For the final assignment of this fall’s undergraduate seminar in the sociology of online news at Northwestern University, I asked my students to undertake an analysis of the media’s and the public’s preferences on two sites of their choosing over a three-day period. When we debriefed their findings, there was a recurrent two-word answer: Paul Walker.
This divergence in the information preferences of the media and the public is not new. Over the past several decades, journalists, consultants, and academics have championed a number of storytelling solutions to overcome this divergence, from softening the news to turning the public into co-producers of content.
But what does the public want? The answer is again two words: straight news. A concise and straightforward rendition of the main facts is the format of the majority of the most popular stories in the sample, with feature-style storytelling coming in a distant second place.
What about the appeal of the harbingers of the brave new world of the Web 2.0? Virtually nonexistent. One in 100 of the stories placed at the top of the homepage were contributed by users. That’s not a lot in absolute terms, but it is ten times greater than the interest of the public in the stories contributed by their fellow readers: only one in 1,000 of the most popular stories were user-generated content.
Endeavors like CNN’s iReport might seem an attractive way for news organizations to appear cutting edge, but the public does not gravitate towards them.
Would giving the public more of what they want and less of what they need in order to function as informed members of the citizenry be good for society at large? Increasing the proportion of brief straight news stories and decreasing the resources devoted to soft news, longform reportage, blogs, and user-generated content will not likely have negative societal consequences.
But a substantive decrease in the provision of public affairs reportage might. Public deliberation and political participation benefit from the supply of a steady and generous dose of public affairs news. Sometimes what we want is not what is necessarily good for us.

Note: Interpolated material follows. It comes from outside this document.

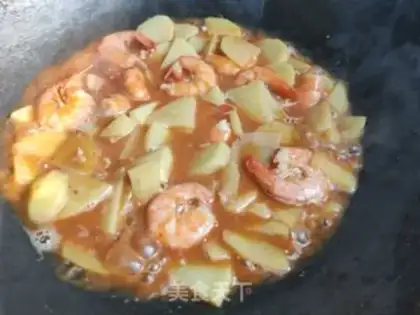 Make Potato crayfish step 9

Junk food might satiate our appetite, but is bad for our health. Stuffing our news diet with sports, weather, crime, and entertainment stories might give us engaging topics of conversation, while also having negative effects on the health of our body politic. But when the market talks loud and clear while profits decline, it might be really hard not to hear.
In sum, the year ahead might bring news organizations that will pay more attention to the public. While that might be good for their bottom lines, it might also be bad for the quality of our democratic life.
- Pablo Boczkowski is a professor of communication studies at Northwestern University.